«È un locale moderno e di design: ci piace cambiare spesso», sottolinea Fatia mostrandomi la saletta interna da poco rinnovata. Sedie e divanetti rossi, carta da parati nera e bianca a tema cucina, fotografie di viaggi, ma anche strisce di erba sintetica a incorniciare il banco frigo e innumerevoli cartoni di pizza con i colori della bandiera italiana. Così si presenta il ristorante-pizzeria Da Vinci. Non solo specialità turche e kebap – con la p finale, così come si scrive nella sua lingua d’origine – ma anche piatti italiani, come pasta e pizza, per accontentare la variegata clientela.

«È un locale moderno e di design: ci piace cambiare spesso», sottolinea la cameriera Fatia.

Quando entro nel locale, però, non c’è traccia di potenziali avventori. Il quartiere di Dergano, periferia Nord di Milano, non è molto popolato alle quattro del pomeriggio di un giorno lavorativo. Fatia, la cameriera marocchina, sta passando l’aspirapolvere tra i tavoli ed è lei la prima a raccontarmi qualcosa del locale, non prima di avermi fatto accomodare, offrendomi una tazza di çay turco, nel tipico bicchiere allungato e con una zolletta di zucchero. Il tè è la bevanda più gettonata del locale. «Molti clienti lo chiedono appena seduti e anche dopo aver finito di mangiare», mi spiega, restando in piedi davanti al tavolo a cui sono seduto.

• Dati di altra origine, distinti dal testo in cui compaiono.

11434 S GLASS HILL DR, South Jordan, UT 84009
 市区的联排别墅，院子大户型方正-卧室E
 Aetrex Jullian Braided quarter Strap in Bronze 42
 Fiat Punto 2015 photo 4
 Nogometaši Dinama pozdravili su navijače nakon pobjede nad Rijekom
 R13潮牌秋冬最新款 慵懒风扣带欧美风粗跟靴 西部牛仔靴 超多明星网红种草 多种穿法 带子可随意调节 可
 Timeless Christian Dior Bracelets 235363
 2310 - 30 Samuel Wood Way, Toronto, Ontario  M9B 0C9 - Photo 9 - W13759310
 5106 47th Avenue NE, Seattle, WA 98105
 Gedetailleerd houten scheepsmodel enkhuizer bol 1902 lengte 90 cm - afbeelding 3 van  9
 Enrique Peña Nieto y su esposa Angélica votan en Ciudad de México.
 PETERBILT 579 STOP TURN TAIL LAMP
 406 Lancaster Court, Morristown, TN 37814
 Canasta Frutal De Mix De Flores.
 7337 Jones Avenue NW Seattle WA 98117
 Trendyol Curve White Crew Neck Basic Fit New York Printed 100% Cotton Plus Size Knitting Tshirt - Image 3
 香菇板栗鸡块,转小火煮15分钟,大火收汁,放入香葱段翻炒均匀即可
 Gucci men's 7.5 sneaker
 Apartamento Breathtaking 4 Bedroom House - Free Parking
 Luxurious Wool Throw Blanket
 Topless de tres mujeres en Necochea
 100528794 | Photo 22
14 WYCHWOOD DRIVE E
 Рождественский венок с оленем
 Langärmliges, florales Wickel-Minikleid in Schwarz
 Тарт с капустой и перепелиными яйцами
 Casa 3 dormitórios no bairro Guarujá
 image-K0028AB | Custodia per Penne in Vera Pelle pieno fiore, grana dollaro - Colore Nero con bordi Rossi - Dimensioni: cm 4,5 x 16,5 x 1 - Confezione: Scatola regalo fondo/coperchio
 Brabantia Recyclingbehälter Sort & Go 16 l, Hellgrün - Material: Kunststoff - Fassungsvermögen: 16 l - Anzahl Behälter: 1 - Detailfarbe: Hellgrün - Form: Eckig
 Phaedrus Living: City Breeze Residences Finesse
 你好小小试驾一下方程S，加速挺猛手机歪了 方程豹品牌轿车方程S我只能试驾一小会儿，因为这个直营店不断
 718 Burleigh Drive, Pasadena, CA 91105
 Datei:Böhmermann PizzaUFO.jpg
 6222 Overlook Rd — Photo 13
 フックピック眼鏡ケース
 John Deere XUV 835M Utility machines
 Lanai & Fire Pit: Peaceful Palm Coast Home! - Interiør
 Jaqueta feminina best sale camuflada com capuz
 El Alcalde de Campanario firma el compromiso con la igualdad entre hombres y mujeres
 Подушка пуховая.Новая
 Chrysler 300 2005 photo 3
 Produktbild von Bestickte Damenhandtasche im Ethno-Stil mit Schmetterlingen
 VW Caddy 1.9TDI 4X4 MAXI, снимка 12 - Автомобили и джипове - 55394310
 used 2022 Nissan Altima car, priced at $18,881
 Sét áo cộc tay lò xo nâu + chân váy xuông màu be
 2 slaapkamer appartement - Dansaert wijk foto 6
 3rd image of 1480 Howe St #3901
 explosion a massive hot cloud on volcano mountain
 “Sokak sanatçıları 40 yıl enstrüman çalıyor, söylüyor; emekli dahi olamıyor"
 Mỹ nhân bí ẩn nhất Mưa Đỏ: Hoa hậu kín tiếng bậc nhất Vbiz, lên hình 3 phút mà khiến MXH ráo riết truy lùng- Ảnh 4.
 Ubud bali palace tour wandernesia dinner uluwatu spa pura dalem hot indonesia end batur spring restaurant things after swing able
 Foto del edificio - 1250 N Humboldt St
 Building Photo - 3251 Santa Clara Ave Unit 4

Dietro al bancone, con il cappello da chef in testa, c’è Mustafa, uno dei due titolari, impegnato a preparare gli impasti per i clienti che arriveranno durante la serata. «Sono arrivato in Italia dalla Turchia vent’anni fa e con mio fratello abbiamo rilevato questa attività nel 2019», racconta Mustafa con le mani in pasta. Il fratello adesso è in trasferta a New York «per aggiornarsi sulle cucine del mondo – spiega –. Cerchiamo sempre di inserire nuovi piatti nel nostro menù». Di questa commistione culinaria ne sono testimonianza le gigantografie dei piatti appesi all’interno e sulle vetrine: si può scegliere tra un hamburger e una pizza margherita oppure tra l’insalata russa e il saç tava. I clienti tipo del Da Vinci sono tanti quante sono le culture che gravitano intorno a Dergano. «Da noi vengon: bengalesi, pachistani, cinesi, italiani e ovviamente turchi, ce ne sono tanti che studiano al Politecnico qui vicino», dice Mustafa.

Il Da Vinci, così come il quartiere che lo ospita, è un crogiolo di storie, dove persone provenienti da diverse parti del mondo si incontrano non solo per strada, ma anche a tavola, davanti a una pizza, a un kebap oppure a un piatto di köfte.